If you have a related question, please click the "Ask a related question" button in the top right corner. The newly created question will be automatically linked to this question.

DRV8873HEVM: Fault comes on and stays on when PWM goes to zero from 80% or more

Part Number: DRV8873HEVM

When driving a wheel motor for a robot, there is a case when a fault is triggered, and the fault stays in fault mode until power is cycled.

At low motor speeds, say up to 50% PWM, no problems in motion or when PWM goes to zero.

At higher motor speeds, say 80% PWM, no problem in motion, but as soon as PWM goes to zero, a fault is triggered and remains in the triggered state until power to the board is cycled.

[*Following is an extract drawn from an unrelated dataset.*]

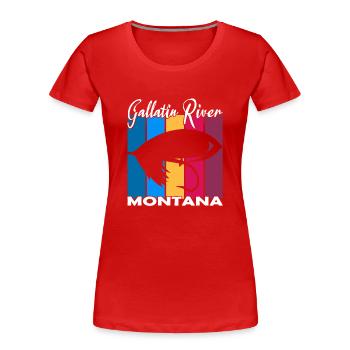 Gallatin River Montana Fliegenfischen - Frauen Premium Bio T-Shirt - Rot - Vorne - Mia (176cm)
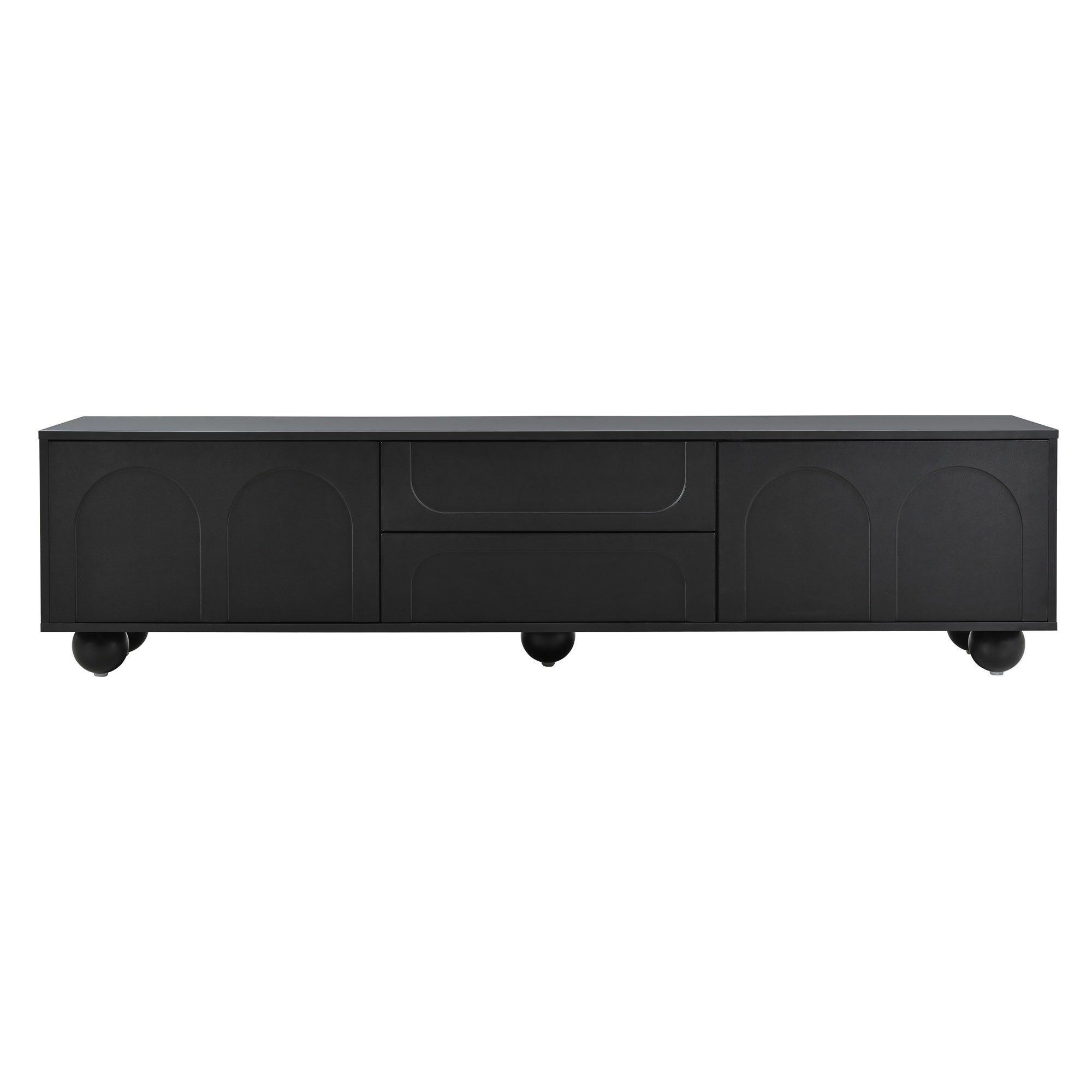 ON-TREND Cream Style TV Stand with Arched Doors & 2 Drawers for TVs up to 75', Minimalist Media Console with Rebound Device, Entertainment Center with 5 Iron Round Legs for Living Room, Bedroom, Black - Grand Goldman Shop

If PWM is ramped down, no fault is triggered.

Operating conditions:

24VDC motor voltage

5VDC PWM logic voltage

HW configured for PH/EN mode (for DIR and PWM)

500HZ PWM freq (also tried at 1KHZ, no difference).

Geared wheel motor (wheels do not turn unless turned by the motor)

Slew rates of 53.2V/us, and 13V/uS were tried. No effect on this issue.

Followed layout notes for thermal , and have heatsink on bottom of board (parts do seem to run warmer than expected when idle and not driving a motor). Not a thermal problem since we can load down the motor and no fault is triggered.

  • Hi Chris,

    Thank you for posting to the E2E forum.

    At higher motor speeds, say 80% PWM, no problem in motion, but as soon as PWM goes to zero, a fault is triggered and remains in the triggered state until power to the board is cycled

    In brushed DC motor, when there is a sudden change in the speed (when going to high speed to a complete stop), the back-EMF will decrease rapidly causing the motor current to increase suddenly for a brief moment in the same direction. If this current spikes is above the OCP threshold and last for longer than the OCP deglitch time, it will trigger an OCP fault which is removed once the device is reset. Having a slow ramp down will keep the current below the OCP limit and prevent the fault from triggering. Did you capture any current waveforms? It will be useful to see this along the nFAULT signal to verify if this the reason for the nFAULT latching low.

    500HZ PWM freq (also tried at 1KHZ, no difference).

    This device has a maximum recommended PWM frequency of 100kHz. 500kHz is well above this limit. Is there a reason for wanting a 500kHz PWM frequency? High frequency can cause issues.

    Slew rates of 53.2V/us, and 13V/uS were tried. No effect on this issue.

    Is this the output slew rates or the VM slew rate? Can you provide waveforms of the output voltage as well?